Retype, word for word, each line between the lines holding "Tampon À Faxer" and "Pure Original Ingredients", inclusive, and leave the rest of the data alone.

Data to process Block Start

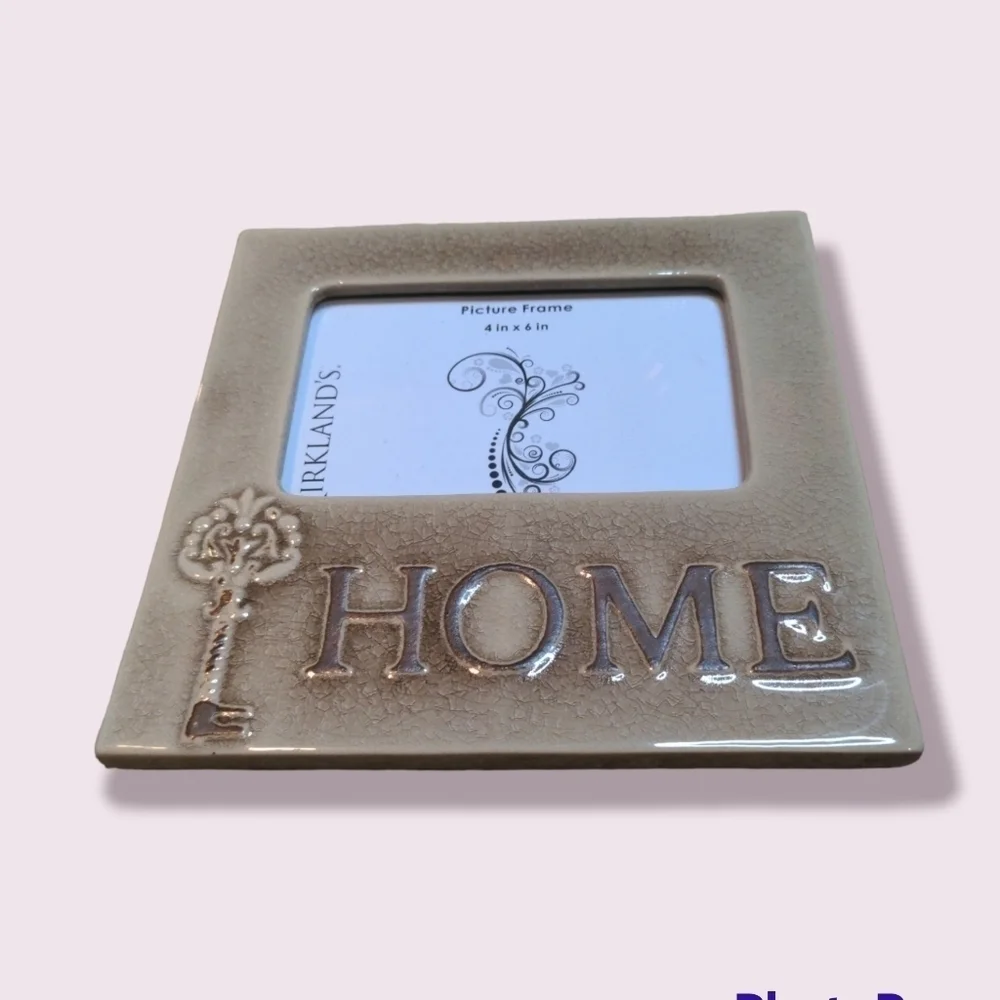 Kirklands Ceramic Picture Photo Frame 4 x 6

Data to process Block End
Data to process Block Start

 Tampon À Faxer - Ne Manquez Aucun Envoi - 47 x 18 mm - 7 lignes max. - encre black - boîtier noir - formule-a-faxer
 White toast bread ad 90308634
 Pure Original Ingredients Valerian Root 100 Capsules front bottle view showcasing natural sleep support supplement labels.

Data to process Block End

Result for this task
 Tampon À Faxer - Ne Manquez Aucun Envoi - 47 x 18 mm - 7 lignes max. - encre black - boîtier noir - formule-a-faxer
 White toast bread ad 90308634
 Pure Original Ingredients Valerian Root 100 Capsules front bottle view showcasing natural sleep support supplement labels.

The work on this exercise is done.